Nelle cave si lavora ancora a cottimo e la qualità del prodotto rimane, in molti casi, poco più che un’ambizione.
Da anni si parla di macro lotti, gestione più razionale delle attività estrattive, unificazione, ma non si è fatto un solo passo per mettere in pratica questi obiettivi anche attraverso dei vincoli stringenti per le aziende.
Paradossalmente quell’aggregazione che, se gestita correttamente, avrebbe dato una marcia in più all’intero settore, si sta lentamente attuando attraverso un processo di concentrazione che vedrà poche grosse aziende leader dominare l’intero mercato.
Si tratta di qualcosa che ha poco di naturale e che non deve rallegrare, poiché riproduce, aggravandole, quelle dinamiche che hanno determinato la situazione attuale.
Ci riferiamo, in particolare, al massiccio ricorso all’esternalizzazione di buona parte della filiera produttiva, prima a pseudo-artigiani solo formalmente autonomi, ed oggi direttamente alle aziende in difficoltà, ma a condizioni non negoziabili e a prezzi super ribassati; un ulteriore passo, in definitiva, verso la frammentazione.
Di fronte al baratro nel quale sta precipitando il settore sarebbe necessario imporre quella razionalizzazione rispetto alla quale l’imprenditoria del porfido ha sempre tergiversato.
Si parla infatti di una risorsa che è, a tutti gli effetti, un bene collettivo (la proprietà delle cave è nella maggior parte dei casi di proprietà di comuni e Asuc) e che come tale andrebbe quindi gestito e utilizzato.
Un punto di partenza dovrebbe forse essere la presa d’atto che le gestioni in capo a comuni, commissari o altri soggetti (come per esempio so.ge.ca, società gestione cave) hanno dimostrato scarsa autonomia e incapacità di governo.
Il ruolo della Provincia
Probabilmente la possibilità che questo settore possa avere ancora un futuro si gioca sulla possibilità che la Provincia sia quel soggetto terzo e super partes che fino ad oggi non ha saputo (o voluto) essere.

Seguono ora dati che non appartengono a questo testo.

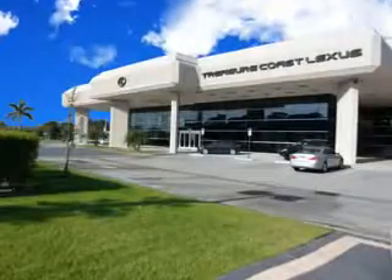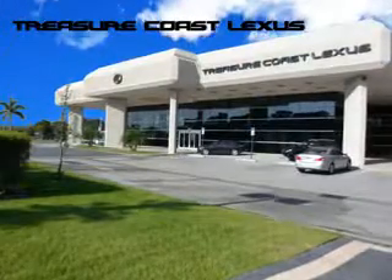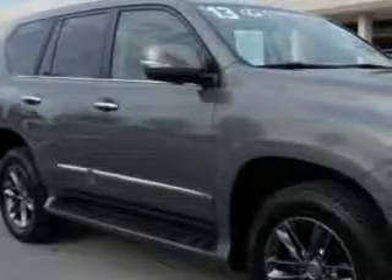Treasure Seekers, the jewel on the Treasure Coast, invites you to experience the difference at Treasure Coast Lexus. Our new, certified, pre-owned and off-brand selection of SUVs — stop in today and test drive your choice. Ready for the very best? Let Treasure Coast Lexus show you what luxury really means.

Ciò non significa che questo barcollante pezzo dell’economia trentina debba cadere addosso alla collettività, come è successo fin troppe volte in altri ambiti, mettendo magari a carico di tutti i costi per i ripristini ambientali che a breve saranno necessari.
Più che una provincializzazione delle cave, come auspicato dalla CGIL, sarebbe oggi più che mai importante che la Provincia assumesse un ruolo più incisivo a livello di garanzia, controllo ed indirizzo.
Potrebbe essere un primo passo verso una gestione fatta anche nell’interesse delle comunità locali piuttosto che spudoratamente privata, come avvenuto fino ad ora, con il controllato che era anche controllore di se stesso. Forse l’unica cosa che non serve oggi è quella rivoluzione annunciata più volte che alla fine, se applicata con lo stesso modus operandi di sempre, avrebbe l’effetto di cambiare tutto per non cambiare niente.
Il rigore nel rispetto delle regole sottoscritte dovrebbe essere il primo presupposto e, in questo caso, sarebbe già un fatto inedito e una piccola (ma anche grande) rivoluzione.